Ein grauenvoller Femizid im Kanton Baselland wirft die Frage auf, wie Medien über die Tötung von Frauen aufgrund ihres Frauseins berichten sollten. Es besteht viel Luft nach oben.
Von Valerie Zaslawski
In Binningen im Kanton Basel-Landschaft wurde im Februar 2024 auf grausame Art und Weise eine 38-jährige Frau ermordet. Die Frau war eine ehemalige Miss-Schweiz-Kandidatin und damit eine zumindest halbwegs öffentlich bekannte Figur des Zeitgeschehens. Der Tat dringend verdächtigt wurde ihr Ehemann. «Du wirst schon sehen, die ganze Welt wird noch über diesen schrecklichen Mord reden», prophezeite mir eine Bekannte letzten Sommer.

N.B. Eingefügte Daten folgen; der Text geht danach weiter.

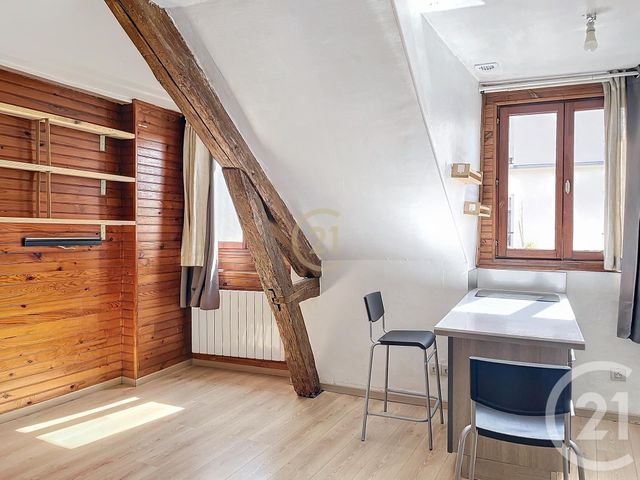 Studio à vendre PARIS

Der Ehemann wurde nach der Tat verhaftet, stellte aber ein Haftentlassungsgesuch. Damit scheiterte er bei allen Instanzen. Er zog sein Gesuch aber weiter bis vor das Bundesgericht in Lausanne. Im September 2024 lehnte auch das Bundesgericht sein Gesuch ab und veröffentlichte das Urteil dazu. Auf diesem Weg wurden schreckliche Details des Falls publik. Laut Urteil hat der Mann die Frau nicht nur grausam ermordet, sondern danach die Leiche kaltblütig zerstückelt.
Einige Schweizer Medien berichteten sehr detailliert darüber. Aus Sicht des Basler Frauenhauses handelte es sich dabei um einen Femizid, also um einen geschlechtsspezifischen Mord. Die Berichterstattung darüber war für das Frauenhaus zu detailliert: Ende Januar 2025 reichte es gemeinsam mit der Dachorganisation Frauenhäuser Schweiz Liechtenstein (DAO) Beschwerde beim Presserat ein – wegen Verstosses gegen den journalistischen Kodex, namentlich durch «20 Minuten» und «Nau.ch». Eine Premiere, deren Ausgang noch offen ist; die Behandlung einer Beschwerde kann bis zu einem Jahr dauern.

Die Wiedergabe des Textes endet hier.